* TASK ITEM: What's needed: every entry, printed exactly, minus the images.

(Caption-style text data)
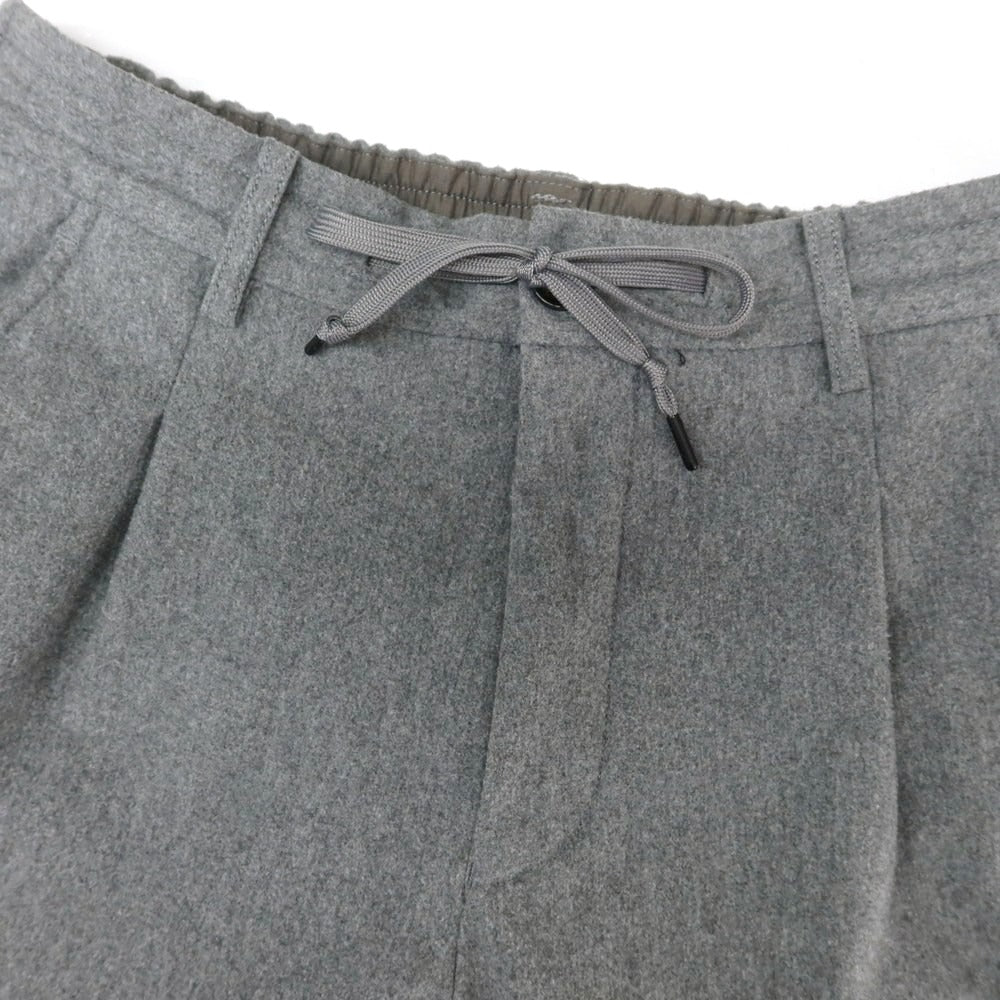 【中古】ナノユニバース nano universe ポリエステルコットンジャージー 2つボタンスーツ グレー【 上L/下M 】【 状態ランクC 】【 メンズ 】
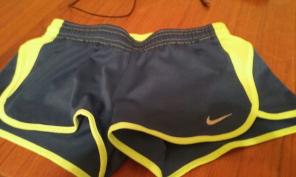 Nike Women Blue Sporty Shorts XS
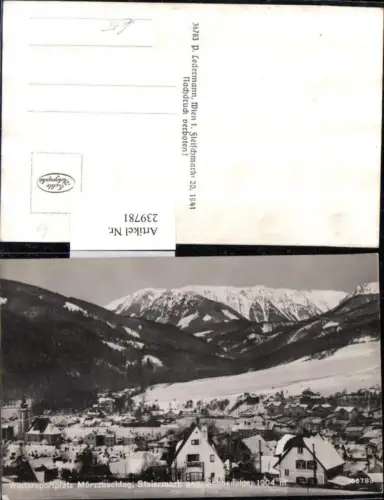 239781,Mürzzuschlag Totale Winterbild geg. Schneealpe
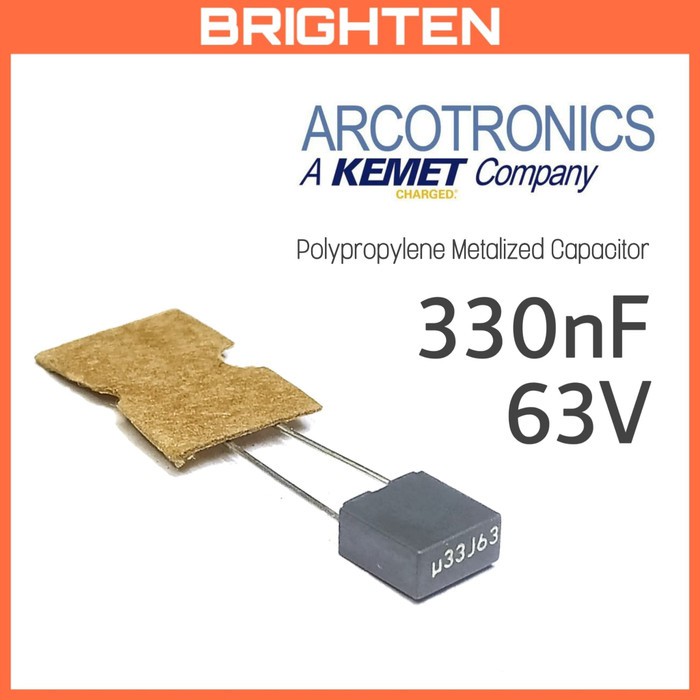 Arcotronics MKP 0.33uF 330nF 63V Polypropylene Metalized Capacitor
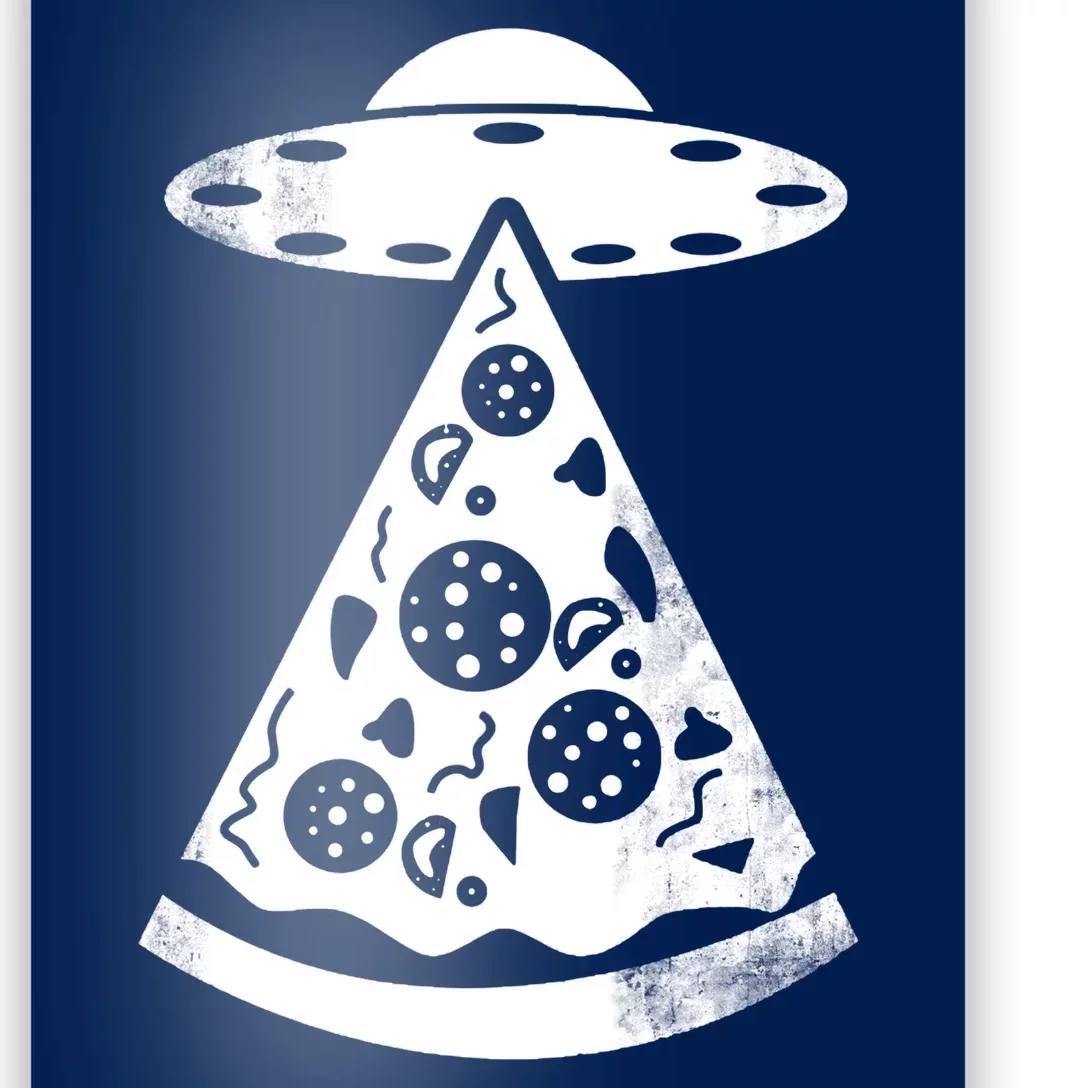 UFO Alien Pizza Poster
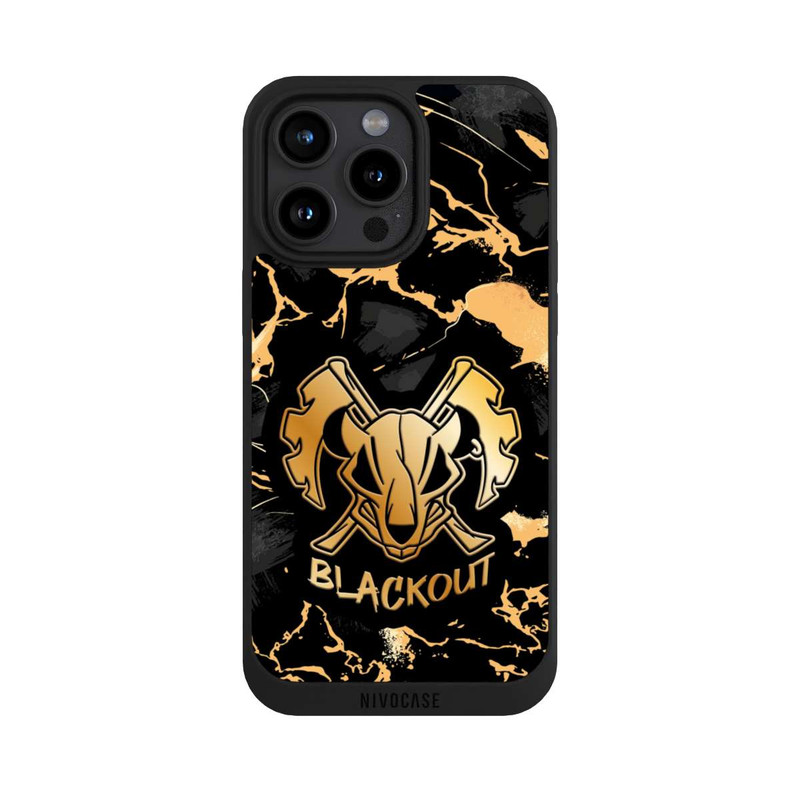 iPhone 15 Pro Max NIVOpure Logo en or marbré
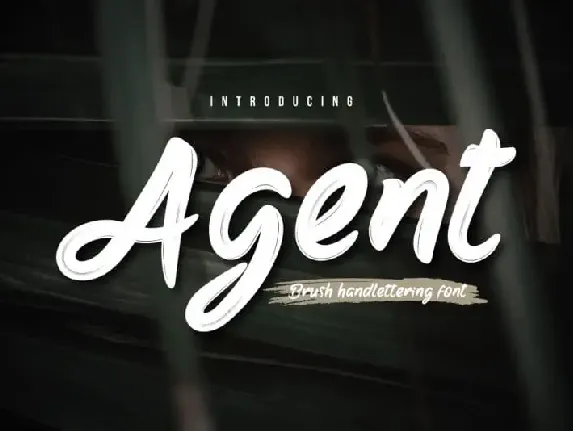 Agent Script font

* SOLUTION FOR THIS EXERCISE:
 【中古】ナノユニバース nano universe ポリエステルコットンジャージー 2つボタンスーツ グレー【 上L/下M 】【 状態ランクC 】【 メンズ 】
 Nike Women Blue Sporty Shorts XS
 239781,Mürzzuschlag Totale Winterbild geg. Schneealpe
 Arcotronics MKP 0.33uF 330nF 63V Polypropylene Metalized Capacitor
 UFO Alien Pizza Poster
 iPhone 15 Pro Max NIVOpure Logo en or marbré
 Agent Script font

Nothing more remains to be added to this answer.